───── EXTRACTED INFORMATION
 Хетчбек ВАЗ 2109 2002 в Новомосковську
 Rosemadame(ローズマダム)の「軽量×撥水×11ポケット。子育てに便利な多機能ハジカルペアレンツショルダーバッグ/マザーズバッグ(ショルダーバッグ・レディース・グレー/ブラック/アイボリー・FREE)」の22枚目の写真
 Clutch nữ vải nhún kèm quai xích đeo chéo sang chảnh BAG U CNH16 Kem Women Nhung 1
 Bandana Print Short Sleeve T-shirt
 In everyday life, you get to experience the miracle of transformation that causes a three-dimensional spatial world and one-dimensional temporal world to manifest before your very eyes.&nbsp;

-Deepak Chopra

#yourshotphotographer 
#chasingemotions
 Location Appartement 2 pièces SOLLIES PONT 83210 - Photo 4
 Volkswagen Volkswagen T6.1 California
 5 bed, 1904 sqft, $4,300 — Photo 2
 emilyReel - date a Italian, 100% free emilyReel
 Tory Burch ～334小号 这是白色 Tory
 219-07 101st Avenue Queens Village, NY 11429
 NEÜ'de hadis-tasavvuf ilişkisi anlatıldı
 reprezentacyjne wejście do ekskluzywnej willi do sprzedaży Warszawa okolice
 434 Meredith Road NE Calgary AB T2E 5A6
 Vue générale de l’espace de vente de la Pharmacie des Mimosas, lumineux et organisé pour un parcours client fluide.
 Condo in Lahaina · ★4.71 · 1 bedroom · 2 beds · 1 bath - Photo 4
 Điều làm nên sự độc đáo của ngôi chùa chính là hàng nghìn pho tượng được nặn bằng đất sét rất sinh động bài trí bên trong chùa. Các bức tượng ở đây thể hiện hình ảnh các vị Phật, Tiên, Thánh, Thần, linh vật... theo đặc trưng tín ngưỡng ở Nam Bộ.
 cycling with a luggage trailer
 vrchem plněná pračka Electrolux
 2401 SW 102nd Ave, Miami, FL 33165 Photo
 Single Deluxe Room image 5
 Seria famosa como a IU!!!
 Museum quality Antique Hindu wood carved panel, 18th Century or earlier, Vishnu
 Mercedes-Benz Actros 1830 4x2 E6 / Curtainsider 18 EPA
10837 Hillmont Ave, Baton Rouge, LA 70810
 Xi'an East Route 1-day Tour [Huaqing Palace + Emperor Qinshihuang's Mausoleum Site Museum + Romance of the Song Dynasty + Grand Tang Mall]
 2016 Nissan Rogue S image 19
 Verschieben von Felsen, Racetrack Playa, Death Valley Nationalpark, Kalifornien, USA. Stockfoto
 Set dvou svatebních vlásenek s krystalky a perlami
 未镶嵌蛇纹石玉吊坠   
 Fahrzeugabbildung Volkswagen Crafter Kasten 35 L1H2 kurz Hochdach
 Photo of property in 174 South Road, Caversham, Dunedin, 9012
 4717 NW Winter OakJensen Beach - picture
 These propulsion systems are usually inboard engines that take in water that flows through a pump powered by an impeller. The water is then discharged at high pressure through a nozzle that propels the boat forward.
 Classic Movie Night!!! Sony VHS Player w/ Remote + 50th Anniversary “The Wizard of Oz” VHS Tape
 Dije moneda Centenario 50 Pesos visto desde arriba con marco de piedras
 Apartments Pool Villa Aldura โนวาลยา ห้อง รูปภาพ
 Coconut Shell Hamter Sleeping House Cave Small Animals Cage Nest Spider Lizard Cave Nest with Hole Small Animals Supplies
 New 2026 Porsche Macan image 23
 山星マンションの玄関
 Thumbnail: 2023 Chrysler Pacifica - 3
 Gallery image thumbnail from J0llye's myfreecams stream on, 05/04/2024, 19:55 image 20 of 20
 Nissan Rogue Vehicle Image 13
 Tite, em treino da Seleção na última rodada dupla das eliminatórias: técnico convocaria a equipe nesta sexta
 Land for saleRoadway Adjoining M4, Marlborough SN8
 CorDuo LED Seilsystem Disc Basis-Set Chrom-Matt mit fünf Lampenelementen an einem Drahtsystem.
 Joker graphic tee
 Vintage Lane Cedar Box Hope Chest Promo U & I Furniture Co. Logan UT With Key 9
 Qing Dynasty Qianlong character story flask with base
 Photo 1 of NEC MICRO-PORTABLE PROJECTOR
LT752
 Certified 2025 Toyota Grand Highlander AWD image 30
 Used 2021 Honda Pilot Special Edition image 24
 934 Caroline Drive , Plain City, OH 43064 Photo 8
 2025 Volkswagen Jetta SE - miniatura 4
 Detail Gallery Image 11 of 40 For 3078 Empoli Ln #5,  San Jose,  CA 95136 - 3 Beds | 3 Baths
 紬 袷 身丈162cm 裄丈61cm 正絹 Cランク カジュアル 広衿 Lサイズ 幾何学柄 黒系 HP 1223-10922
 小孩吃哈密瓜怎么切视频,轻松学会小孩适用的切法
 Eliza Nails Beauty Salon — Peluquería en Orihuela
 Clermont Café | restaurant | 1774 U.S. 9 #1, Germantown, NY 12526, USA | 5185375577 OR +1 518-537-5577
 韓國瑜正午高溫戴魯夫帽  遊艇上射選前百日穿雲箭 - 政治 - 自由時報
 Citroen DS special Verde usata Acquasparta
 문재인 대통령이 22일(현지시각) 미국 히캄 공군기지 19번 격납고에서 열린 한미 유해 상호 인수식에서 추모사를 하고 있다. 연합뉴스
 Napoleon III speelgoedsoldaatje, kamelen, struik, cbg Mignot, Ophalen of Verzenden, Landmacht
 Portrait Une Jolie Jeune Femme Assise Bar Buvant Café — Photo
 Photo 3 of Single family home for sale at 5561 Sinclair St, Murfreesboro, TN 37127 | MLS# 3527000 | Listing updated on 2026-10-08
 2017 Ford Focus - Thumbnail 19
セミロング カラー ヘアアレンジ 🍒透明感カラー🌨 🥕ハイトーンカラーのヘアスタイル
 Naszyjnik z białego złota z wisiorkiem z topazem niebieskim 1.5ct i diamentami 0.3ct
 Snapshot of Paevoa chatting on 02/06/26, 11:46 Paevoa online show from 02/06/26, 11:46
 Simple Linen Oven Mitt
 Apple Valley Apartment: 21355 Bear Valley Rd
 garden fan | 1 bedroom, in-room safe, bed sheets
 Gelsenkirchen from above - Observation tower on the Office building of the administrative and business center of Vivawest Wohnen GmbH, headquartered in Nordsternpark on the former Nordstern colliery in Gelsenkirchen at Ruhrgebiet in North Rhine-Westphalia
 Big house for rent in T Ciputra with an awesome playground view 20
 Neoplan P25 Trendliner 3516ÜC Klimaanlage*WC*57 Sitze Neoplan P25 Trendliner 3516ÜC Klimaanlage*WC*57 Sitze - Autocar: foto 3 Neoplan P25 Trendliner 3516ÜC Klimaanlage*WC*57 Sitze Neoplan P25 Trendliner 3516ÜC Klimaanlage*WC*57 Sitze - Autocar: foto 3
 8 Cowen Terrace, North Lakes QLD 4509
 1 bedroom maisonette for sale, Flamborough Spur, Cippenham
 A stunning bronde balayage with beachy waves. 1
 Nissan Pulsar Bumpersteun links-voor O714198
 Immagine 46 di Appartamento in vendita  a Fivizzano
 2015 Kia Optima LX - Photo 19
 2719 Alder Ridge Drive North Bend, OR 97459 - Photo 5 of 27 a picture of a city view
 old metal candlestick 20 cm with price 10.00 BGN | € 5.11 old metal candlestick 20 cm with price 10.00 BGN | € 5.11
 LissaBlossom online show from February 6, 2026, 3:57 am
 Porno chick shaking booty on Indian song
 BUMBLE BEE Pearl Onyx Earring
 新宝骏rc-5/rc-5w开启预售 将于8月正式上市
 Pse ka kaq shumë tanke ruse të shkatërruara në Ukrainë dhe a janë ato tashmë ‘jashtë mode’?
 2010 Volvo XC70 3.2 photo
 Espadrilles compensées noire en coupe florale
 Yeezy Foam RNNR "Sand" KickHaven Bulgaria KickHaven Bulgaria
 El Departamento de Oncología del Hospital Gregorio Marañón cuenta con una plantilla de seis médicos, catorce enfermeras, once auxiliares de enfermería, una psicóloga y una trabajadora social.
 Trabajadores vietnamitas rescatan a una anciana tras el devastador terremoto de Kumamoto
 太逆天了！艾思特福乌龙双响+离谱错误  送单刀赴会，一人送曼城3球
──────────
§ **ABOUT THIS EXERCISE**: The expected output is exactly the lines of the listing above between the line holding "2015 Kia Optima LX - Photo 19" and the line holding "El Departamento de", inclusive.

§ **ANSWER TO THIS PROBLEM**:
 2015 Kia Optima LX - Photo 19
 2719 Alder Ridge Drive North Bend, OR 97459 - Photo 5 of 27 a picture of a city view
 old metal candlestick 20 cm with price 10.00 BGN | € 5.11 old metal candlestick 20 cm with price 10.00 BGN | € 5.11
 LissaBlossom online show from February 6, 2026, 3:57 am
 Porno chick shaking booty on Indian song
 BUMBLE BEE Pearl Onyx Earring
 新宝骏rc-5/rc-5w开启预售 将于8月正式上市
 Pse ka kaq shumë tanke ruse të shkatërruara në Ukrainë dhe a janë ato tashmë ‘jashtë mode’?
 2010 Volvo XC70 3.2 photo
 Espadrilles compensées noire en coupe florale
 Yeezy Foam RNNR "Sand" KickHaven Bulgaria KickHaven Bulgaria
 El Departamento de Oncología del Hospital Gregorio Marañón cuenta con una plantilla de seis médicos, catorce enfermeras, once auxiliares de enfermería, una psicóloga y una trabajadora social.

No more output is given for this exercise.